Sempre me têm espantado, se não mesmo indignado, a complacência manifestada pela intelectualidade francesa com escritores de extrema-direita - Céline, Paul Morand - que, no final da Segunda Guerra Mundial, só escaparam ao pelotão de fuzilamento porque, ao contrário do cúmplice Robert Brasillach, exilaram-se a tempo, respetivamente na Dinamarca e na Suíça, durante alguns anos. Morand voltaria anos depois, quando a Guerra Fria, ditava maiores receios dos comunistas do que dos antigos nazis, acabando até por ocupar a cadeira 11 da Academia Francesa quando para ela foi eleito no singular ano de 1968.
No JL de há duas semanas o poeta Nuno Júdice lembrou dele um conto publicado em 1925 e passado em Portugal onde um lente de Coimbra, conservador e ex-monárquico, era chamado do exílio em Londres para ser presidente do conselho, demonstrando comportamentos explicitamente homossexuais.
Acontece que, dezassete anos depois, quando sentiu mudados os ventos favoráveis à colaboração com os ocupantes nazis, o mesmo Morand procuraria que o governo de Vichy o nomeasse embaixador em Lisboa.

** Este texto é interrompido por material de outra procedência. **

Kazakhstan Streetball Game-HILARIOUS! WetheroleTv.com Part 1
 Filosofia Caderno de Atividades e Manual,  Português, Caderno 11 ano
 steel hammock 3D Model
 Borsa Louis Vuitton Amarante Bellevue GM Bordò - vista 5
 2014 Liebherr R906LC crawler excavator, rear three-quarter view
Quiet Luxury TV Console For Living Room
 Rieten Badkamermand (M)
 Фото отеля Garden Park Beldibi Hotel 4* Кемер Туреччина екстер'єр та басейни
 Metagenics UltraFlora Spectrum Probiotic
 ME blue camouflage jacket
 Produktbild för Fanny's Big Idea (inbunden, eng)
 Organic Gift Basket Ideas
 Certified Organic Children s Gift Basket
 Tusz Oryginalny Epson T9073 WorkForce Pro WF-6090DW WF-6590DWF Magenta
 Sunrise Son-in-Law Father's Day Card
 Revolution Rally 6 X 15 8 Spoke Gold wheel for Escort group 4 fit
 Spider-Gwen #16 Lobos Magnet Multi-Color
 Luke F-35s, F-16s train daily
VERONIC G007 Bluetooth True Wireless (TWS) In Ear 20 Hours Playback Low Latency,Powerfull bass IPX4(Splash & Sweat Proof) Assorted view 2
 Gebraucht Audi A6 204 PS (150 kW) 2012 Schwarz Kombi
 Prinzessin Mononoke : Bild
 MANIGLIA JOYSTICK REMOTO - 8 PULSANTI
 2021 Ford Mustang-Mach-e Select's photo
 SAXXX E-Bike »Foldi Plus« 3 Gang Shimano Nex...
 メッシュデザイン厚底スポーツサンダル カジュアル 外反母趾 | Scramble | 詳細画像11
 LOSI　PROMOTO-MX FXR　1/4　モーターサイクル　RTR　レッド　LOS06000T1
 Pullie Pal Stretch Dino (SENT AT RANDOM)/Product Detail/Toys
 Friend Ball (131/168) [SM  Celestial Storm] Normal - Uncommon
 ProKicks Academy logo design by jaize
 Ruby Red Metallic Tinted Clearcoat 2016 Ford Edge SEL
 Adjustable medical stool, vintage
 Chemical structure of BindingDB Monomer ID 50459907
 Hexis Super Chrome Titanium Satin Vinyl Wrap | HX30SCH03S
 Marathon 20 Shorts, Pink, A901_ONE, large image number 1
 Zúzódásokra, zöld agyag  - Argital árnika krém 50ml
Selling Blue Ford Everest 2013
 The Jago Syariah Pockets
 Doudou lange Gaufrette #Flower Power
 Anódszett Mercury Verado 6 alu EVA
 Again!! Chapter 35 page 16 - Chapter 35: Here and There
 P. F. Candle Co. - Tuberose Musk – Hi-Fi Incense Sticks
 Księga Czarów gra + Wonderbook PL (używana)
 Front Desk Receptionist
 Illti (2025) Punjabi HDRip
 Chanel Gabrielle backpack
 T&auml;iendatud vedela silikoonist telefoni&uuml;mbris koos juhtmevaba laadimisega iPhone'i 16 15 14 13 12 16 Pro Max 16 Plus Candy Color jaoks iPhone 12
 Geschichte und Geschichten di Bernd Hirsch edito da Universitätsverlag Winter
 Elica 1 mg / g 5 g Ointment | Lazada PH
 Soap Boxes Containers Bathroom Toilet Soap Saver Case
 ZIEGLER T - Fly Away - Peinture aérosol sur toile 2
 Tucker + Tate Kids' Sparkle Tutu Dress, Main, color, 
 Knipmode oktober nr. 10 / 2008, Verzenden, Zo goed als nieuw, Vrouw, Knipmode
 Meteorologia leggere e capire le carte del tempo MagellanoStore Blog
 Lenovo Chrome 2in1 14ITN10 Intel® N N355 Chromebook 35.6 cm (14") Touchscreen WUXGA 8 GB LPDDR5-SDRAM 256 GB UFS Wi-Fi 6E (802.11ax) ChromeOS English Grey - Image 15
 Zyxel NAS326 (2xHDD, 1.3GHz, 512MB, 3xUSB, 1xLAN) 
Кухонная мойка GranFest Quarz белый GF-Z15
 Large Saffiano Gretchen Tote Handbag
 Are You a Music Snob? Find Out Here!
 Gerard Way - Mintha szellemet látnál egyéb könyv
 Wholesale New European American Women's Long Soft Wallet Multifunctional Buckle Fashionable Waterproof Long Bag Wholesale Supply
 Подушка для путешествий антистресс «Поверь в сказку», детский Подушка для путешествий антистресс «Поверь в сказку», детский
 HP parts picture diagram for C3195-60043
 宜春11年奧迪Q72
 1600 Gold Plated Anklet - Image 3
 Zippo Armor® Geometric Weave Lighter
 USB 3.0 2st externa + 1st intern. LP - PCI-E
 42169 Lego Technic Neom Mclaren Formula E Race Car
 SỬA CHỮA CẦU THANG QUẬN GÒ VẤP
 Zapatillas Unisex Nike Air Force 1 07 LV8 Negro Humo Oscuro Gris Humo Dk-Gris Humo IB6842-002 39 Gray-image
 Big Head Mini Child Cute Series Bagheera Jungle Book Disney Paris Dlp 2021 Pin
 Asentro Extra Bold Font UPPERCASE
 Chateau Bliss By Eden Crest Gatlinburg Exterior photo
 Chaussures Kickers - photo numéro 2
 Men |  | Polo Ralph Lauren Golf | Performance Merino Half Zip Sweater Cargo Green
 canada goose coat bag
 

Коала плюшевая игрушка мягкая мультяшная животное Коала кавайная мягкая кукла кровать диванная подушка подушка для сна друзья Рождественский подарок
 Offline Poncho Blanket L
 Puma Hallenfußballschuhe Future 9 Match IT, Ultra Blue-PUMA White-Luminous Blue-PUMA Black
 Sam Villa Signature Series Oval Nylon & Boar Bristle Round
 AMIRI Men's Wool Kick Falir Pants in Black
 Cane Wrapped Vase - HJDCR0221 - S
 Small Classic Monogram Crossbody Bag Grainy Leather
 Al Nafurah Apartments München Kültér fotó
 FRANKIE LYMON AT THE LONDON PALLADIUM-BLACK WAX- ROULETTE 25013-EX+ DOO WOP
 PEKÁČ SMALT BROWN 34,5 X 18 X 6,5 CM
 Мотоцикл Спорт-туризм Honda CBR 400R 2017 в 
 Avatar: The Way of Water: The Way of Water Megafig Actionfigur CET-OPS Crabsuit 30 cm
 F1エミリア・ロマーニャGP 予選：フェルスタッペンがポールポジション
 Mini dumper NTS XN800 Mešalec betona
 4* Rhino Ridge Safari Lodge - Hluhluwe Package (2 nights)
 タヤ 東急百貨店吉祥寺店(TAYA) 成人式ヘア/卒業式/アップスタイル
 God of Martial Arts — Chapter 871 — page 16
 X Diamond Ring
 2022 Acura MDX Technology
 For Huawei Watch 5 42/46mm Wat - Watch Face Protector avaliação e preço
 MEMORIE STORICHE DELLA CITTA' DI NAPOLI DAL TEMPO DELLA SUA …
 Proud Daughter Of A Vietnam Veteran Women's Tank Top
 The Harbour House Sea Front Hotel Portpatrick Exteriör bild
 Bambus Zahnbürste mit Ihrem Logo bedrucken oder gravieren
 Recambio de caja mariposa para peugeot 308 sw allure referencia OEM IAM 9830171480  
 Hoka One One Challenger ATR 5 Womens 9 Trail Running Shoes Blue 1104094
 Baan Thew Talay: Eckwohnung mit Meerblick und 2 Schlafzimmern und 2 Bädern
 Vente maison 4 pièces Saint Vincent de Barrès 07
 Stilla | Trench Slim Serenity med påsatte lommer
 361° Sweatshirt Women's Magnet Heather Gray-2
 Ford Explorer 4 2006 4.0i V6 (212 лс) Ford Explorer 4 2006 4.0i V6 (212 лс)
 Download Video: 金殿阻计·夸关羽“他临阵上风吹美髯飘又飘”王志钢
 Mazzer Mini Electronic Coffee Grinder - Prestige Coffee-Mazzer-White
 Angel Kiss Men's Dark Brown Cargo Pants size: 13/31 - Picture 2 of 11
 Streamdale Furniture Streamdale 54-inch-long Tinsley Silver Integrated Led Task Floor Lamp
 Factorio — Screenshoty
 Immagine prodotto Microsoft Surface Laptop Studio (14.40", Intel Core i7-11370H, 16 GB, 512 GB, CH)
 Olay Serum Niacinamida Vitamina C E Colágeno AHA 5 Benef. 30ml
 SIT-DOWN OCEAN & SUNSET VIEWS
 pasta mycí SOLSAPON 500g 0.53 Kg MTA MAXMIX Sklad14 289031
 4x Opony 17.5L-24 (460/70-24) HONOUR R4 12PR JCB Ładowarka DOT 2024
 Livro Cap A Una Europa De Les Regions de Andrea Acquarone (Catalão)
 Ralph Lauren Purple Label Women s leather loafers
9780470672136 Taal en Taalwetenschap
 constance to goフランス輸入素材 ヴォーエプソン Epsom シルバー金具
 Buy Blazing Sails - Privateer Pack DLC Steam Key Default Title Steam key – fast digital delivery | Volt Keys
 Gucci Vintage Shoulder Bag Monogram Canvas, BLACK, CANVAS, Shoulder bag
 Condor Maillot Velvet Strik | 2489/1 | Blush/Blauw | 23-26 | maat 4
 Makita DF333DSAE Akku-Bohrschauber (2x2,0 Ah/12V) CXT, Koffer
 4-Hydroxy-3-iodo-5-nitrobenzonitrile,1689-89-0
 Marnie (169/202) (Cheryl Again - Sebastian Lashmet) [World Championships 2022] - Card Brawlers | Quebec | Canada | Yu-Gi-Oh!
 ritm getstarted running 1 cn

Acaso sobreviesse o que já imaginava, estaria a recato dos primeiros embates justiceiros dos vencedores, pedindo asilo político a um regime com que simpatizava.
Não teve sucesso nesse plano: não só encontrou a embaixada francesa dominada por muitos gaulistas, que o trataram com a frieza óbvia, como também viu-se vetado pelo próprio governo português. Alertado por António Ferro, ainda no seu apreço, Salazar escusou-se a secundar as intenções de um autor, que ficcionara sobre um émulo que, quase em tudo quanto o caracterizava, se ajustava à sua personalidade. E o fascista francês teve de procurar abrigo noutras paragens...
Despeitado com a humilhação voltou para França e descreveu os portugueses como com luz em toda a parte, pão branco, doces, creme, táxis, estão atrasados seis anos em relação a nós”.